Ask anyone with some knowledge of electronics to describe a PCB, and they’ll probably describe it as a green-colored board that serves as the base in electronics. However, solder masks – the active layer of liquid photo image lacquer present on the bottom and top of a PCB – can be a color other than green.
Solder masks lend security and identity to printed circuit boards, and their color represents the PCB’s finishing color. In recent years, assemblers have been using other colors rather than green to achieve contrast or brightness. Some assemblers also refer to colors of the solder mask as PCB color codes.
Different PCB/Solder Mask Colors and When to Use Each
Solder mask colors do not have any effect or impact on a PCB’s performance. Designers and assemblers use different colors to give a highly visible indicator of revisions and help prevent slip-ups in a mixed assembly project.

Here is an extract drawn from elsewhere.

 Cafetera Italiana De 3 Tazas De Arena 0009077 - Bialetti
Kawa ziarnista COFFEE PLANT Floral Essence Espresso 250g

The following are the different solder mask colors you can choose:
Green is the most popular solder mask color for PCBs. This particular color is easy on the eyes and delivers high contrast between planes, traces, and the empty space on the board. Green solder masks have the PCB color code #008C4A. Green finishing also reflects less light and offers the right contrast with the white silkscreen. It’s available in different varieties, including matte and glossy variants.
Red solder masks are becoming popular due to the contrast and visibility they offer for traces, planes, and no-copper areas. Red also makes the PCB look bold and compelling. If the board is visible from the outside of a finished product, the red solder mask will bring a sense of freshness compared to stale industry colors. What’s more, red also makes the silkscreen stand out well and allows for easy cleaning of flux residues. Red solder masks have the PCB color code #D0011B.

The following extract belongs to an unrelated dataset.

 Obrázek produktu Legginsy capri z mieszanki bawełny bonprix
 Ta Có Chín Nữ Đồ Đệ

Arduino boards contain blue solder masks. Assemblers of these boards use blue against the silkscreen to achieve high contrast. The color also enhances the PCB’s aesthetic appeal. It is even suitable for mounting on liquid crystal displays (LCDs) as it doesn’t produce bright background colors or sharp contrasting edges. However, blue’s contrast is shallow compared to green and red solder masks on a standard circuit board. So if you’re going to use blue, you may need to use magnification to identify manufacturing-related defects. Blue solder masks have the PCB color code #4990E2.
With the PCB color code #ECECDF, white solder masks are typically used for LCB applications. They can also make any artwork on the silkscreen layer stand out with high contrast of black printing. However, they have the lowest contrast of all PCBs on a general level – they’re hard to display correctly even under lighting. Cleaning them, too, requires a lot of effort as you need to remove the stains to make the panel look neat. As such, white solder masks are only used on a selective basis.

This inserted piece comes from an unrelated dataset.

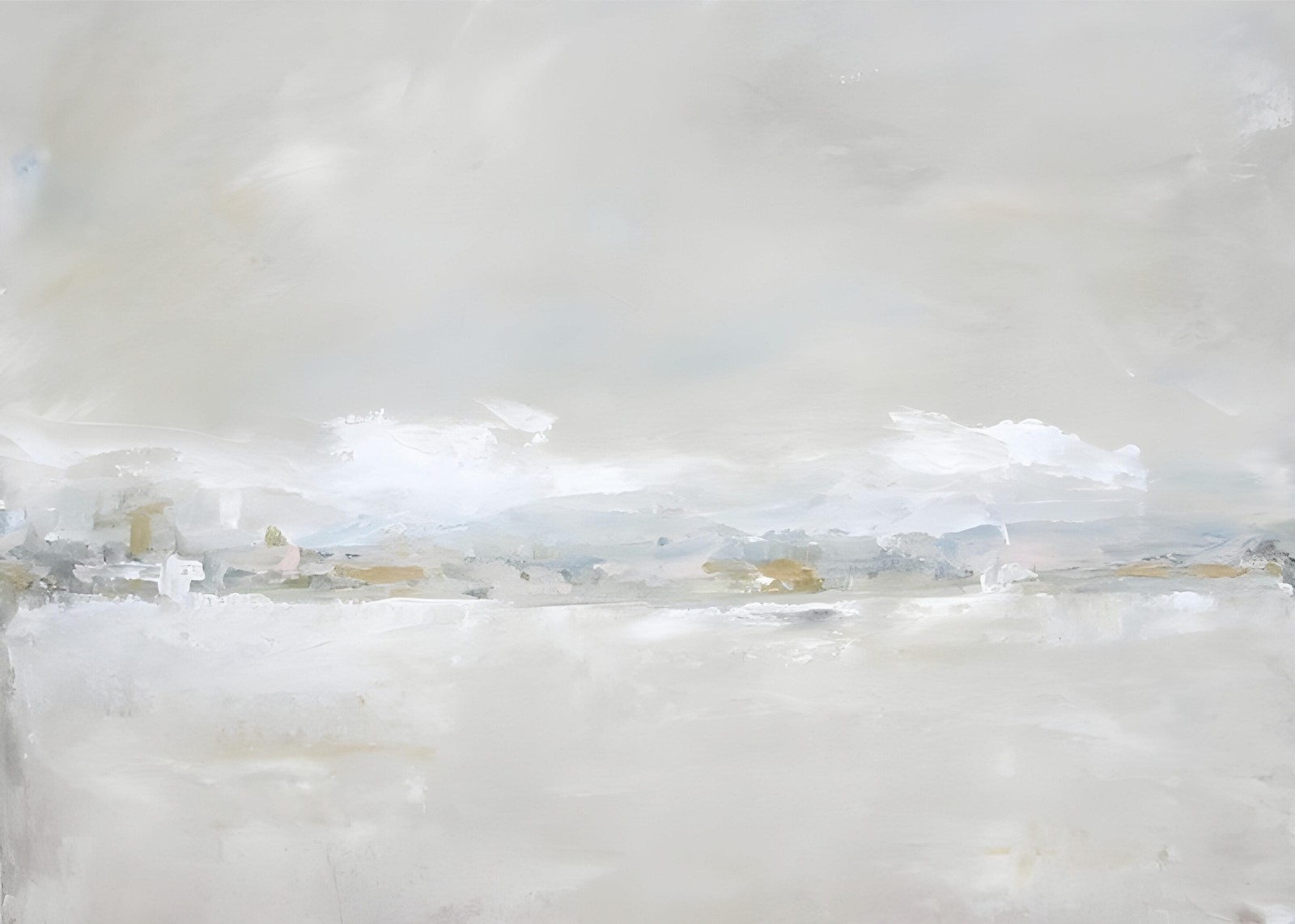 Serene Horizon Landscape Wall Art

Black solder masks offer more visibility than the white ones, and while the contrast is minimal, they make it easier to see large components and labeling. Black also looks great on LCD back panels. When black is put on the background, the eyes aren’t distracted by the screen’s details. That said, black solder masks can cause an increase in heat, which can discolor the silkscreen (turning it into light brown during the reflow process). The assembler who opts to use black must place a temperature sensor on the board. The black solder masks are available in matte and gloss finishes, with the former having a slightly better contrast. You can distinguish black PCBs using the color code #000000.
Yellow achieves the same contrast between planes, no-copper areas, and traces as green, but its silkscreen doesn’t offer a high contrast with the board. The assembler can address the silkscreen issue through black silk printing, even though it might not bring the desired result. Yellow PCBs are easy to clean when it comes to light-colored residues. If you have certain routes to highlight, consider using a dark yellow solder board to capture attention. Yellow solder masks have the PCB color code #F6A624.
Purple is the perfect color choice for achieving a good contrast between the planes and traces on the surface. Purple solder masks are typically used for submarine PCBs. However, they’re not the best for displaying white silk printing. If you’re looking for a vibrant color to complement an immersion gold surface, purple might be a good option to consider – though it’s going to cost more than other PCB colors due to its unique and vibrant outlook.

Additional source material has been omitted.